Jablonski was among the first witnesses to testify Wednesday in the trial of James Goins and Chad Barnette, both 17 and both being tried as adults on multiple counts of attempted aggravated murder, receiving stolen property, aggravated burglary, felonious assault and kidnapping.
Prosecutors say the teen-agers forced their way into Sovak's home on Miller Street and into the Marmion Avenue home of Louis and Elizabeth Luchisan, brutally beat the occupants and robbed them in January 2001.
Forced inside: Sovak, who was 83 at the time, told jurors he'd gone outside to get his newspaper when two young men jumped him and forced him back into the house.
Once inside, one of the suspects started checking out each room while the other one, whom he identified as Barnette, knocked him to the floor and punched him in the face.
Each time Sovak tried to get up, he was punched and knocked down again. Eventually, Barnette started kicking him, he said.
When Sovak finally got to his feet, Barnette picked up a telephone and hit him over the head several times with the base. Barnette held the phone at an angle to strike Sovak with a metal plate on the bottom of the phone, Sovak said.
Some of the people in the courtroom audience cried softly as they listened to Sovak, now 84.
Sovak said he'd been shopping earlier that day and had $15 left in his wallet, which the intruders stole. They threw him down his basement steps, dragged him through the basement and locked him in a fruit cellar.
Jablonski said there was a screwdriver jammed into the lock on the outside of the door, preventing Sovak from getting out.
"There was blood everywhere," he said.
Couple's ordeal: Louis Luchisan, 64, uses a wheelchair and a walker because of previous health problems. He sobbed heavily during his testimony, starting even before the first question was asked.
His wife, 60, described him to jurors as "pretty much helpless."
Luchisan said two young men kicked in a door to their home and demanded money. One of them hit him in the forehead with a plate, causing a gash that took five stitches to close.

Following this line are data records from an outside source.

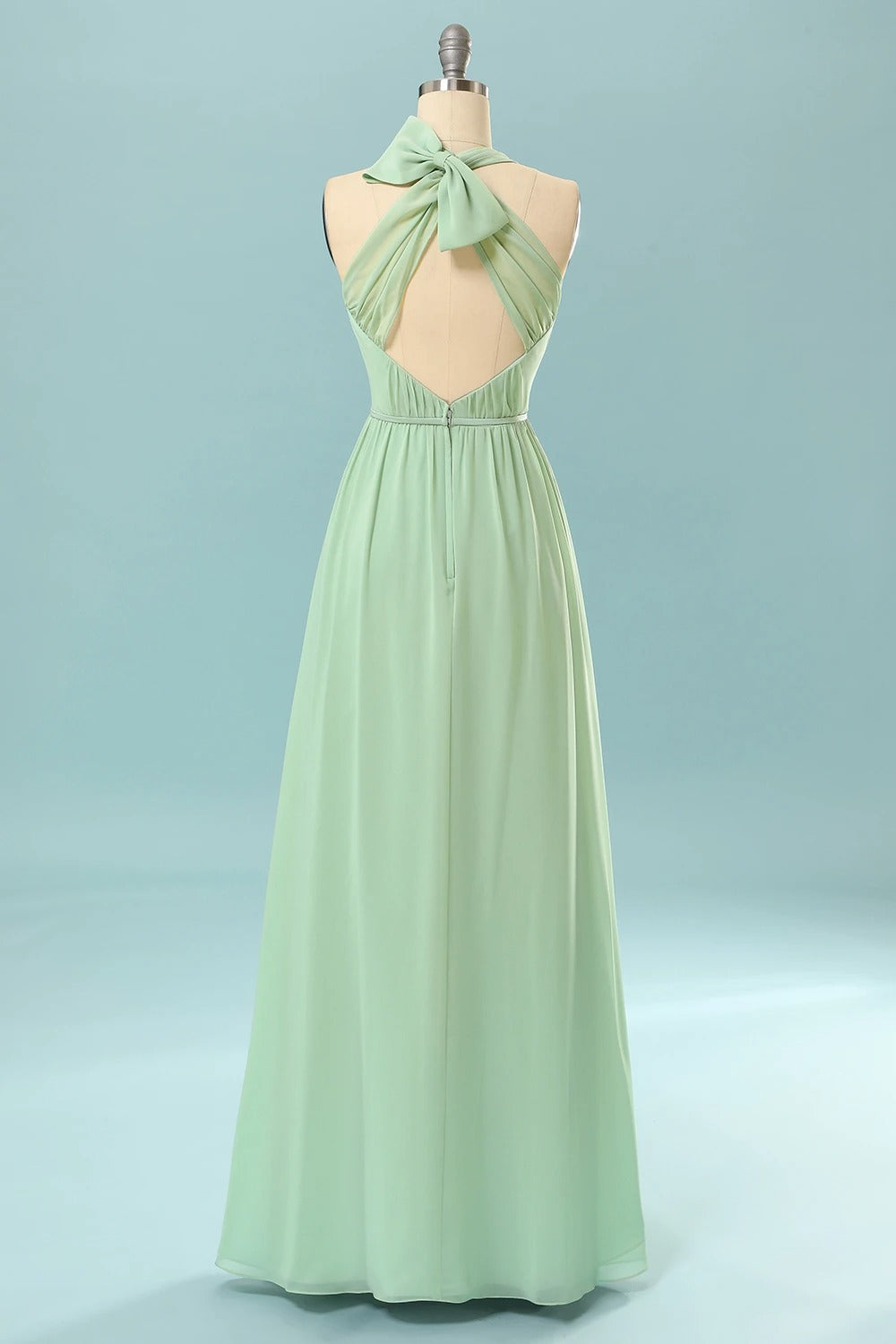 Light Mint Green Bridesmaid Dresses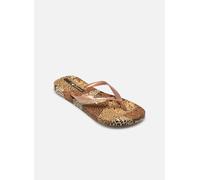 Ipanema - Zehensandalen Animal Print Vi Fem - braun - Größe 41 - 42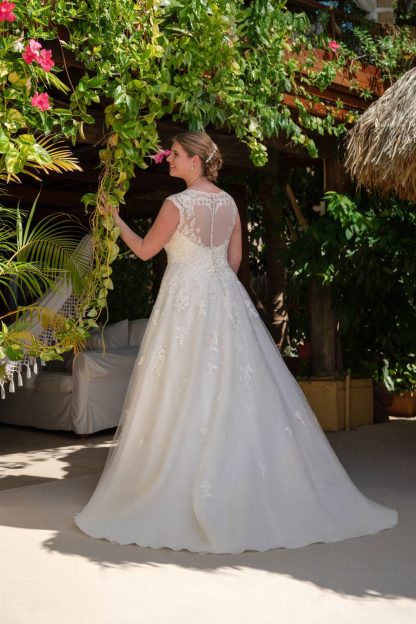 30007W-D7 Organza+Tulle – Bild 2
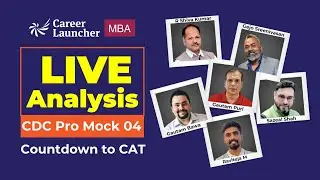 CAT Mock Analysis | CDC Pro Mock 04 | CAT 2024 Mock Test Strategy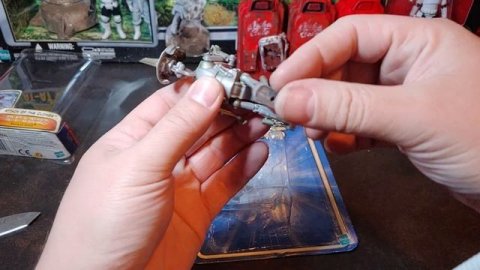 Star Wars Attack of the Clones SP-4 & JN-66 Research Droids figures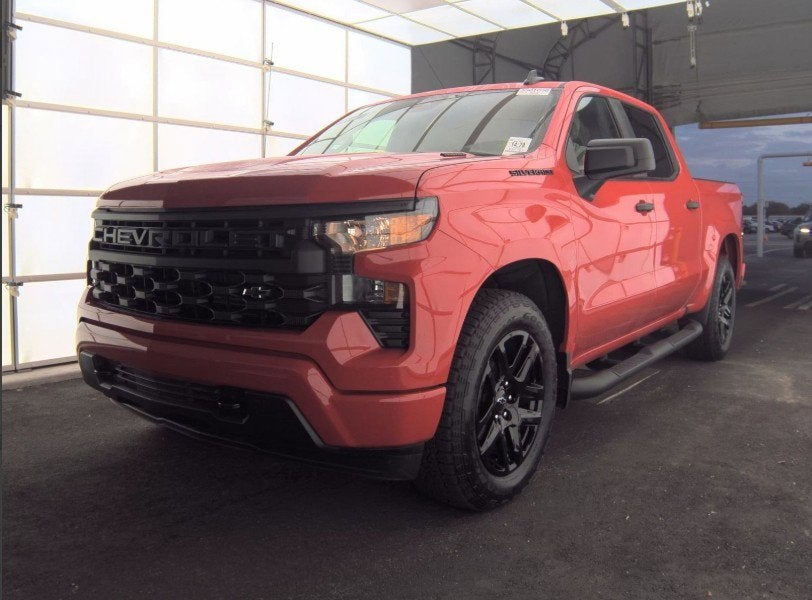 2025 Chevrolet Silverado 1500 Custom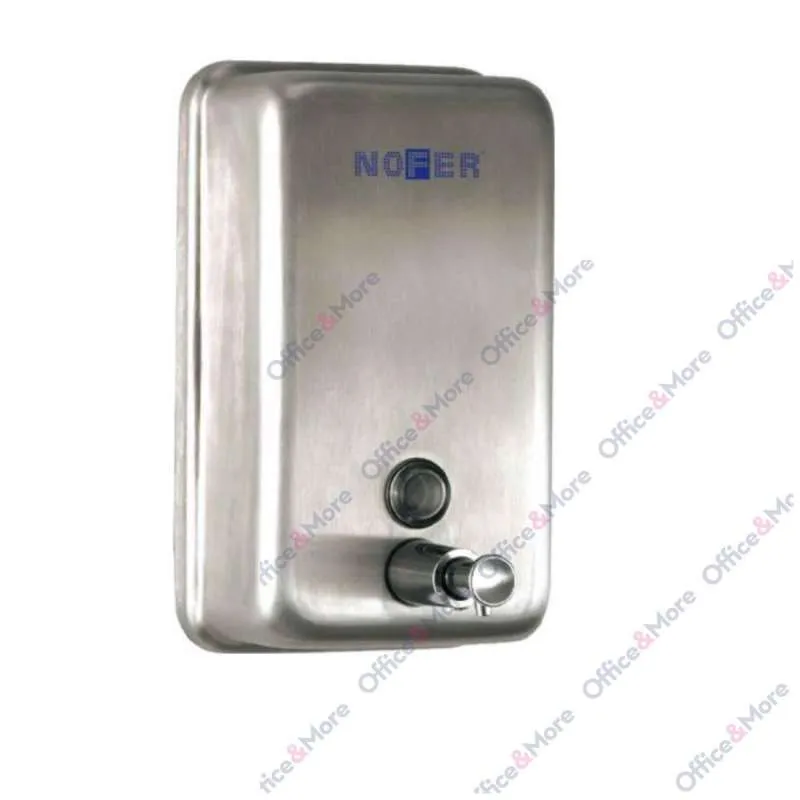 NOFER DRŽAČ SRED. ZA NEGU KOŽE  INOX 1,2L -03041.S 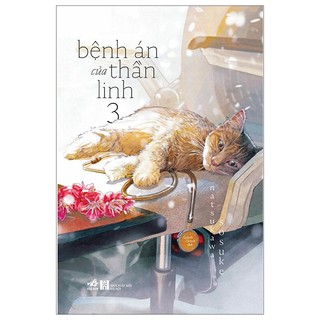 Sách - Bệnh án của thần linh tập 3
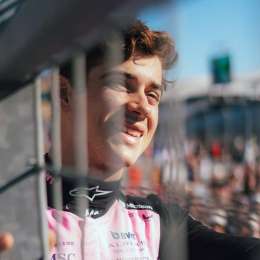 F1: la foto de Colapinto con María Catarineu en la previa al GP de México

Mrs. Luchisan said the other suspect led her room to room at gunpoint demanding money. She gave him $167 cash plus some loose change, and he asked for more. When she said there was no more, he hit her over the head with the gun and split her head open, she said.
"I thought we were going to be killed," she said. "I didn't think we would make it."
The intruders took the family's television set and car before leaving, the Luchisans said. Neither of them could identify the intruders, however.